The X-Forwarded-For header is also reset to the originating IP address.
Any X-Forwarded-For headers set by clients are removed and replaced,
so the backend server can rely on this header for IP-based access
control. The Apache mod_remoteip module can be configured to
make sure Apache always uses the originating IP address from the
X-Forwarded-For header:

http://httpd.apache.org/docs/trunk/mod/mod_remoteip.html

The next two directives make sure that the cache is always bypassed
and that no HEAD request responses are cached because you want
to make sure you have the latest access control information. The
original
request URI is then passed on to the backend (note the trailing slash),
and the response is captured in the res variable inside the
access_by_lua
block. If the subrequest was completed with the HTTP OK status code,
access is allowed, so after returning from the access_by_lua block
the Host and X-Forwarded-For headers are set and the original request
is processed - first the cache is checked and if there is no matching
entry the request is passed on to the backend server and the response
is cached under such a key that makes it possible for a single copy of
a file to be stored in the cache.

If the subrequest is completed with the HTTP FORBIDDEN status code
or any other error, the access_by_lua block is exited in a way that
terminates further processing and returns the status code.

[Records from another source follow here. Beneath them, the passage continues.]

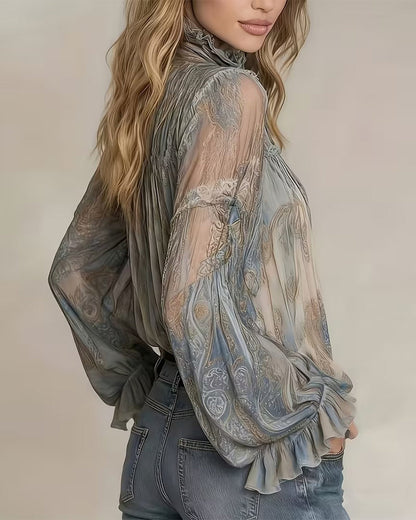 Bluse Boho-Stil Cashew-Blume Stilvoll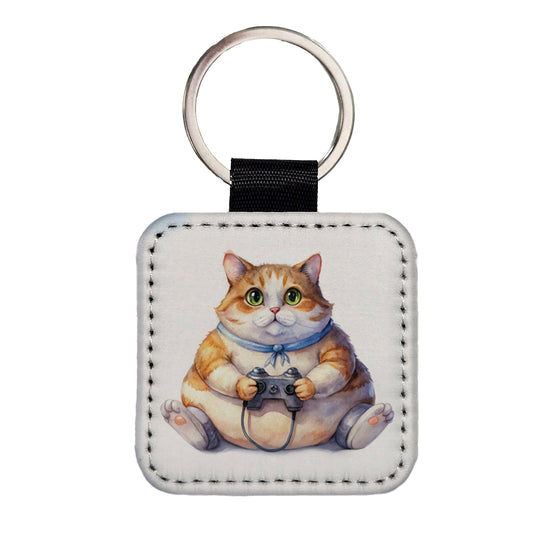 Fat Gamer Kitty Square Faux Leather Keychain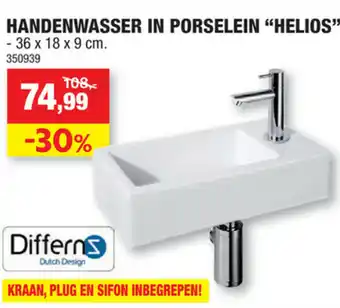 Handenwasser in porselein "helios" 36x18x9 cm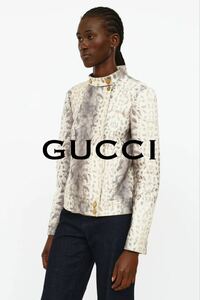 2014.SS■Gucci/グッチ ジャケット/ブルゾン レザー羊革１００％/パイソン pyson・ショート丈/極上 シボ感 タグ付き 最高級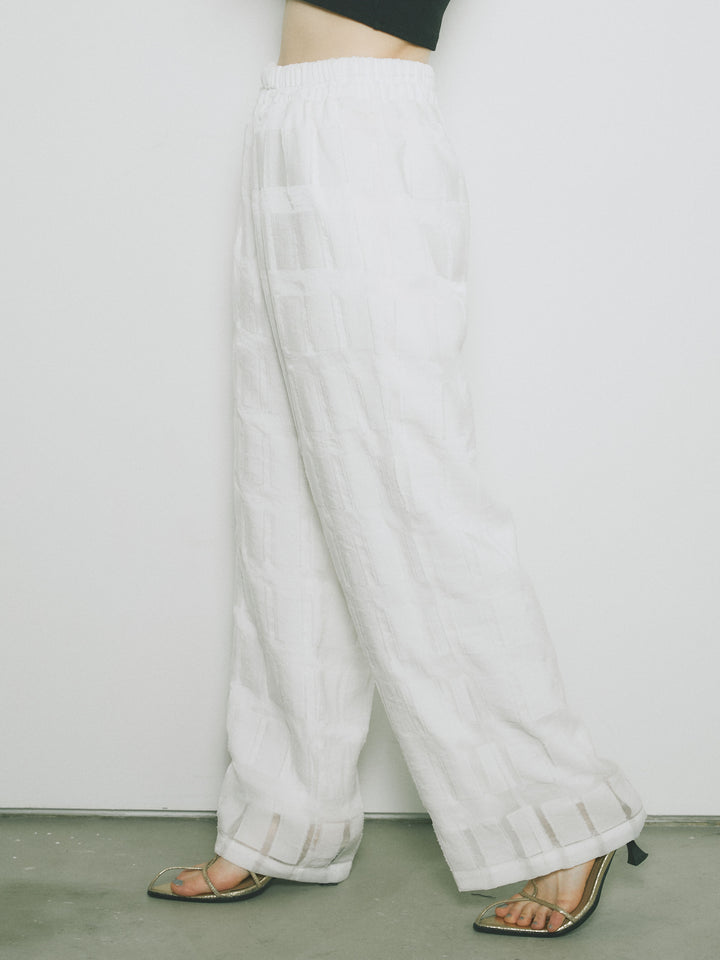 [予約]シアーブロックチェックパンツ/ホワイト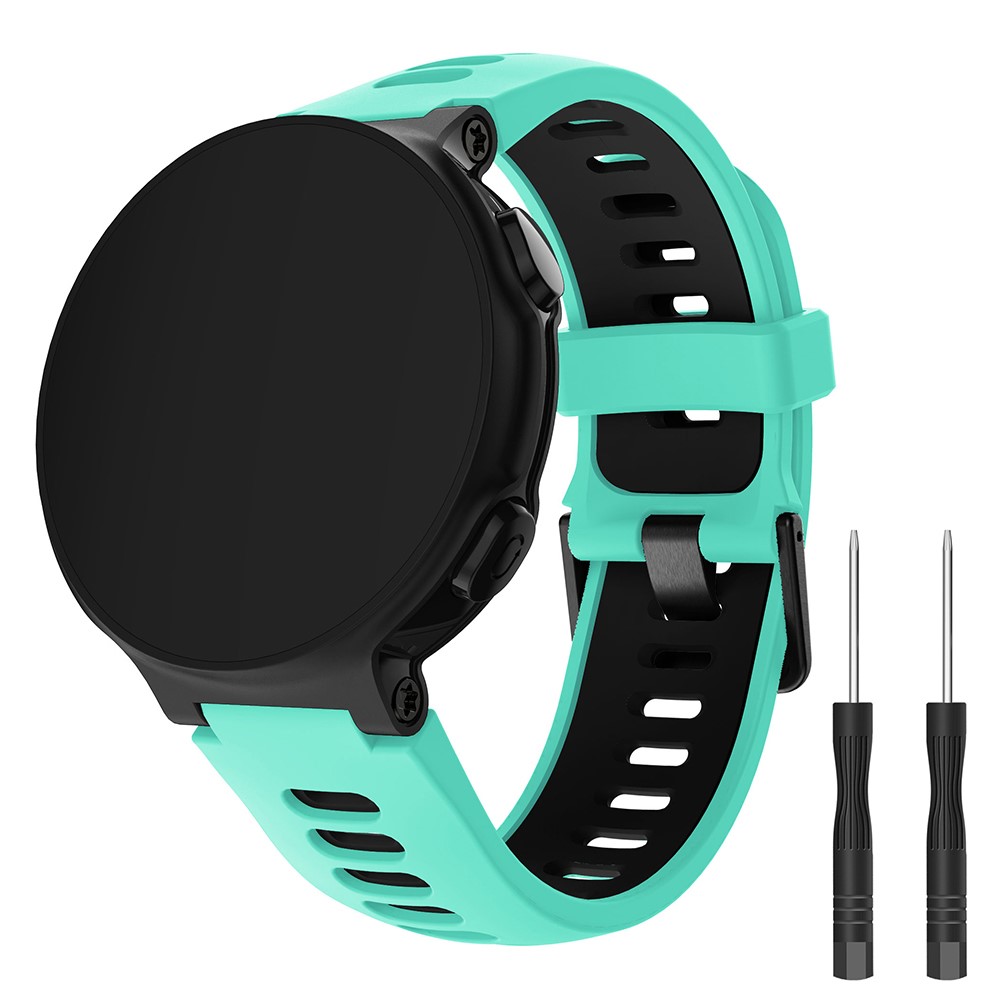 Silicone Watch Band Black Buckle for Garmin Forerunner 735XT 220 230 235 620 630 - Cyan / Black-2
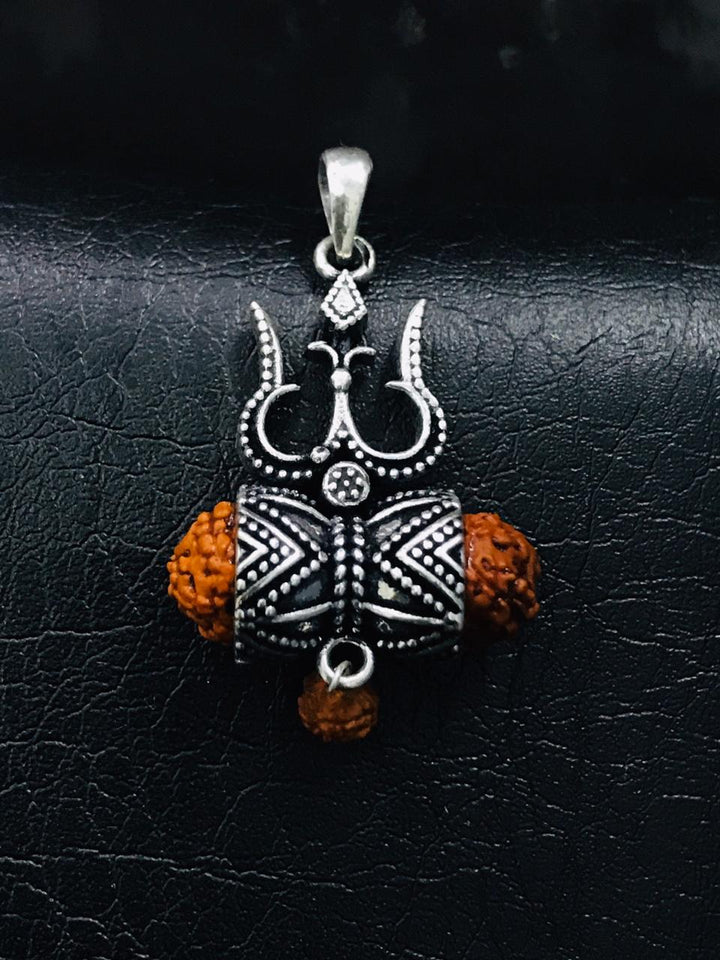 Silver Mahakaal Trishul Pendent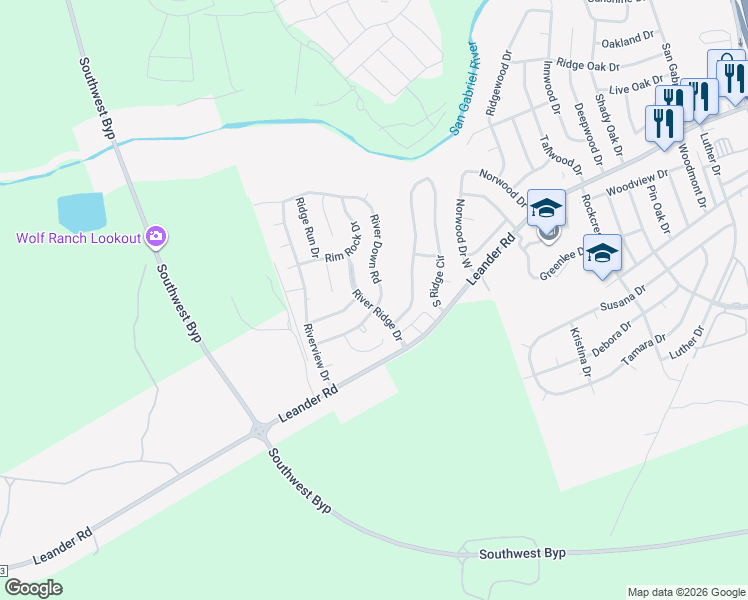 map of restaurants, bars, coffee shops, grocery stores, and more near 210 River Down Road in Georgetown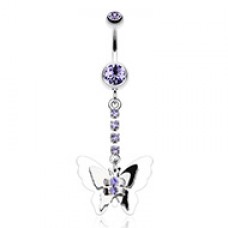 Shining Butterfly Belly Button Ring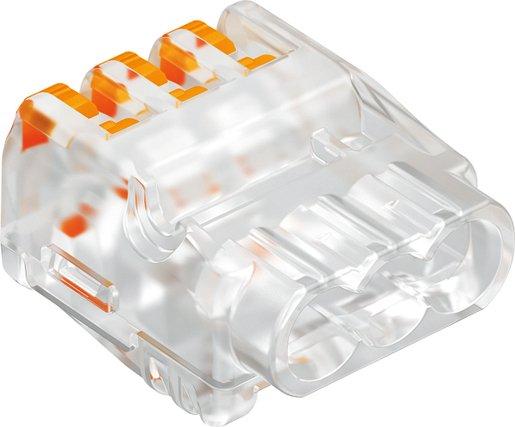 Universalklemme für 3 starre-flexible Leiter 0,2-2,5mm² PC transparent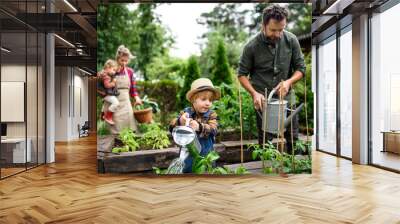 Family with small children gardening on farm, growing organic vegetables. Wall mural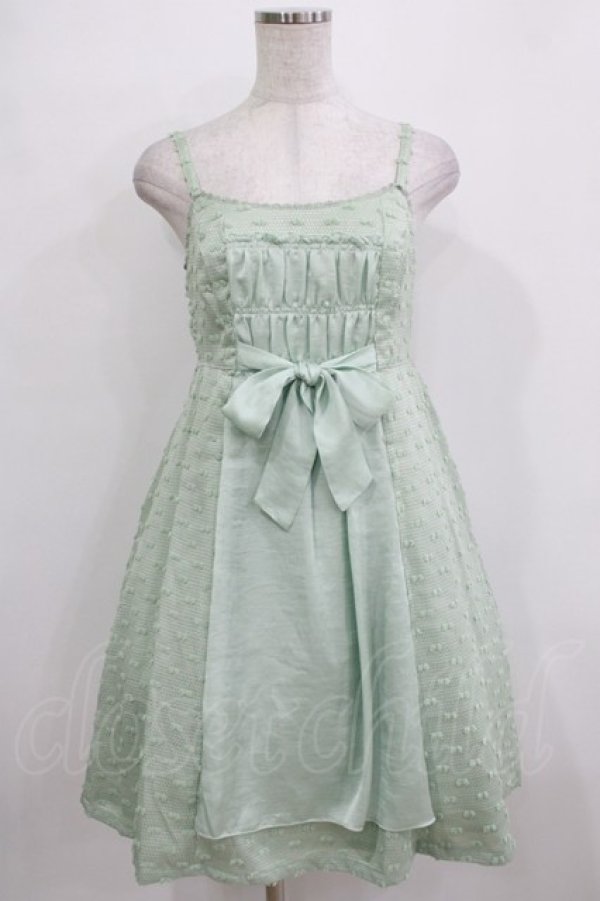 画像1: Emily Temple cute / ポンポンジャガードノースリーブワンピース  ミントグリーン H-25-12-24-1006-ET-OP-KB-ZH (1)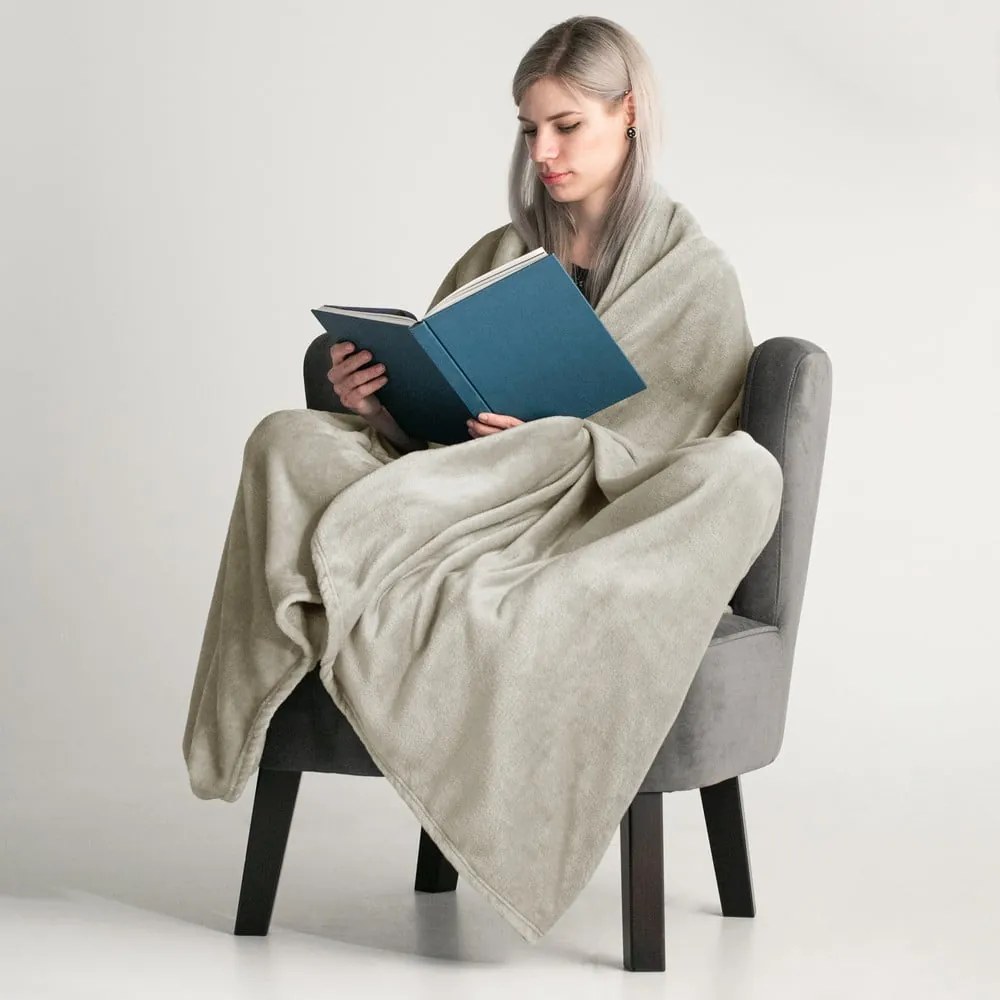 Bézs mikroplüss ágytakaró 200x220 cm Mic – Restilo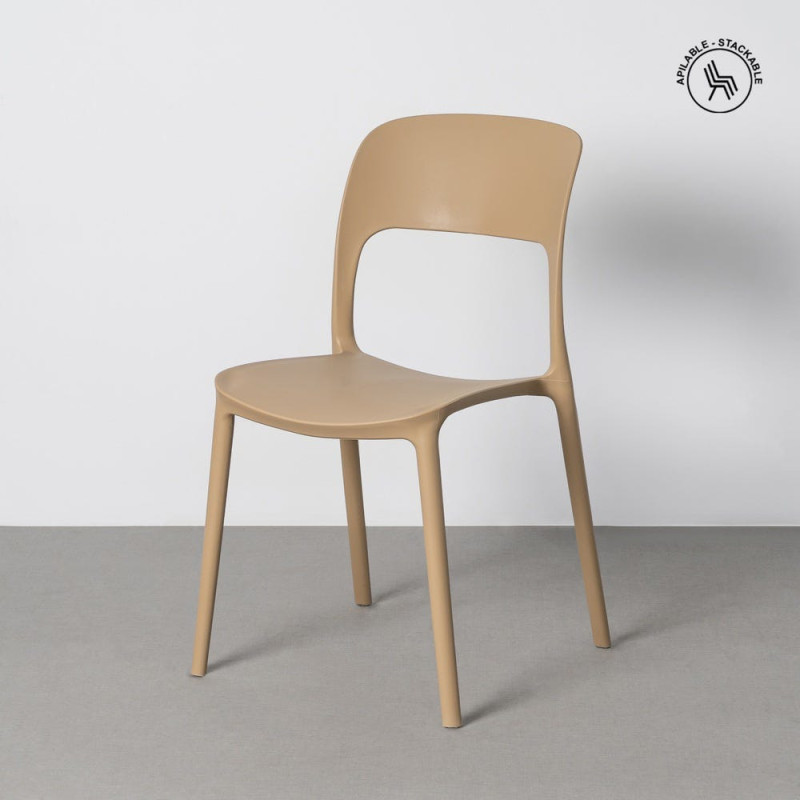 Lot de 4 Chaises de jardin design Polypropylène Beige Montelia 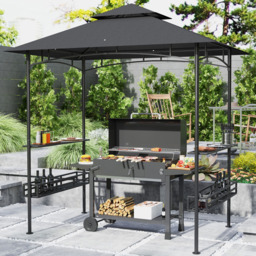 Outsunny 1.5 x 2.4m Dark Grey Grill Canopy Gazebo with 2 Side Shelves and Hook - Wilko - thumbnail 1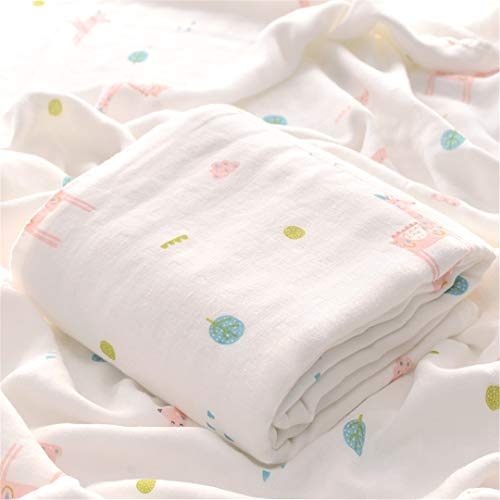 Hayisugar Baby Musselin Swaddle Decke Tücher Baby Bambus Baumwolle Swaddle Wrap Aufstoßen Tuch & Deck Kinderwagen - Pucktücher Baby Decke für Junge und Mädchen, Sikahirsch, 110 x 140 cm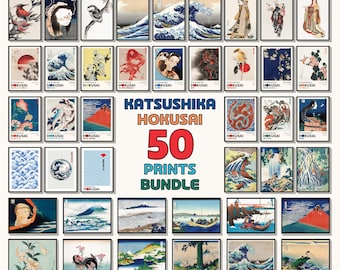 Katsushika Hokusai 50 Prints Bundle, Hokusai Wall Art, Hokusai Art Print, Japanese Wall Art, Japanese Woodblock, Ukiyo-e Print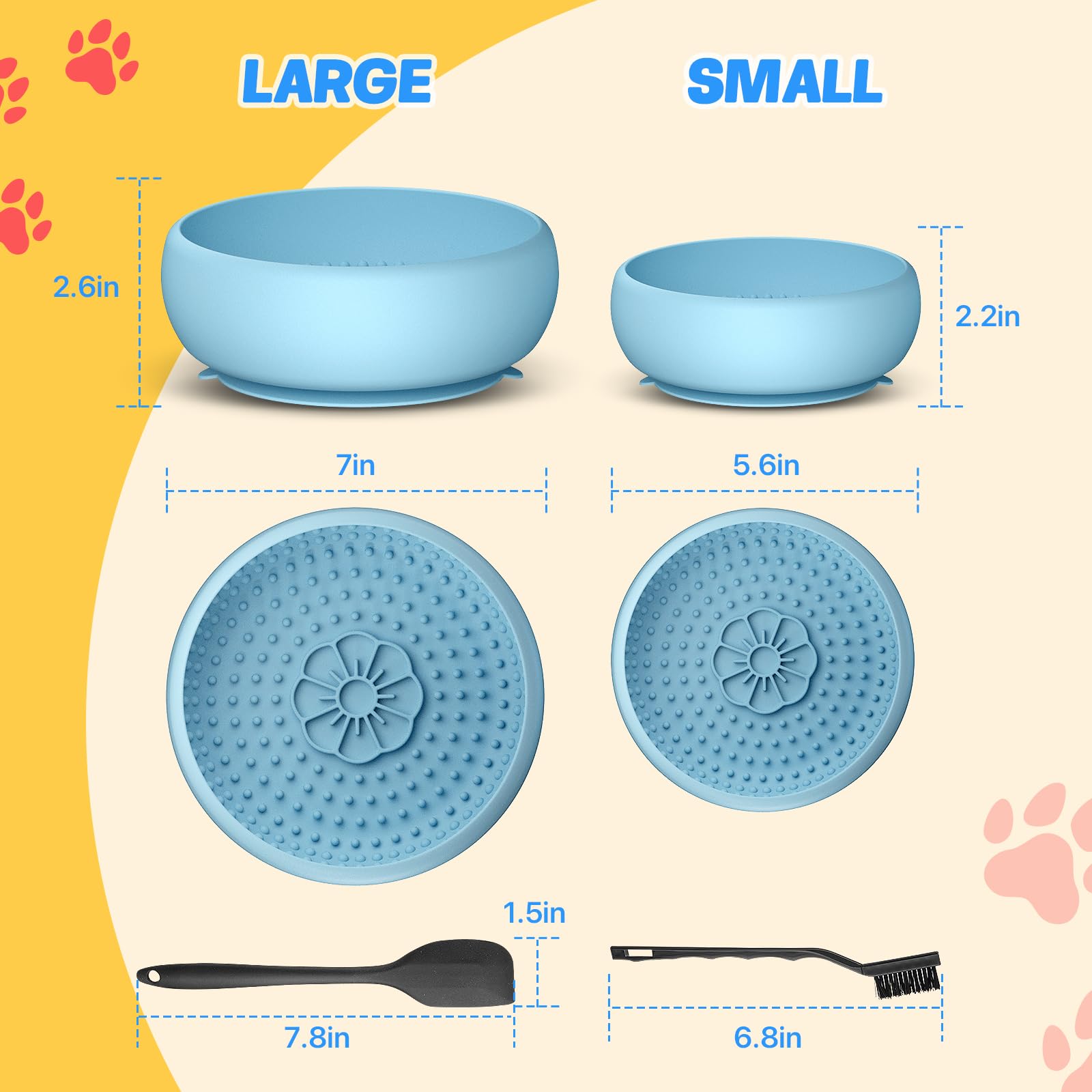 Pawwinner blue lick bowl and mat in use during grooming session.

There you go, thanks to the speed and non-blocking nature of Lua, you
now have a solution that causes minimal overhead by allowing you to
take full advantage of both caching and IP-based access control.

Max

guilherme · February 15, 2012, 1:51am

14 февраля 2012, 01:44 от António P. P. Almeida [email protected]:

I’ve replicated the mercurial repo on github:

IIRC the OP wanted first to check if a given client could access a
certain file. If it can, then it gets the content from the cache or
whatever he decides.

Have you ever actually used the auth_request module? Or have you at
least read the part of the auth_request module README file where Maxim
wrote:

“Note: it is not currently possible to use proxy_cache/proxy_store (and
fastcgi_cache/fastcgi_store) for requests initiated by auth request
module.”

Let’s take the example from Maxim’s README file:

location /private/ {
auth_request /auth;
…
}

location = /auth {
proxy_pass …
proxy_pass_request_body off;
proxy_set_header Content-Length “”;
proxy_set_header X-Original-URI $request_uri;
}

Let’s say you configure caching in the /private/ location block, and
the cache is empty. The first matching request would get passed on to
the backend server, which would send back the latest requested file,
if the request was allowed. The frontend server would then store the
file in the cache and send it back to the client, as expected.

The next matching request would again be passed on to the backend
server, which would again send back the latest requested file,
if the request was allowed, but this time the frontend server would
send back to the client NOT the LATEST file, but the OLD file from
the CACHE. The old file would remain in the cache, from where it would
keep getting sent back to clients until it expired, while each new
allowed
request would cause the latest requested file to be retrieved from
the backend server and then DISCARDED.

Turning the proxy_no_cache directive on would prevent anything from
being stored in the cache, as expected.

Turning the proxy_bypass directive on would cause the cache to be
bypassed, and the latest requested file to be both sent back to the
client and stored in the cache each time (as long as proxy_no_cache
wasn’t turned on), but either way you’d end up retrieving the file
from the backend server on every request, which defeats the purpose of
caching.

However, forbidden response codes from the backend server are always
correctly sent back to clients, and are never cached.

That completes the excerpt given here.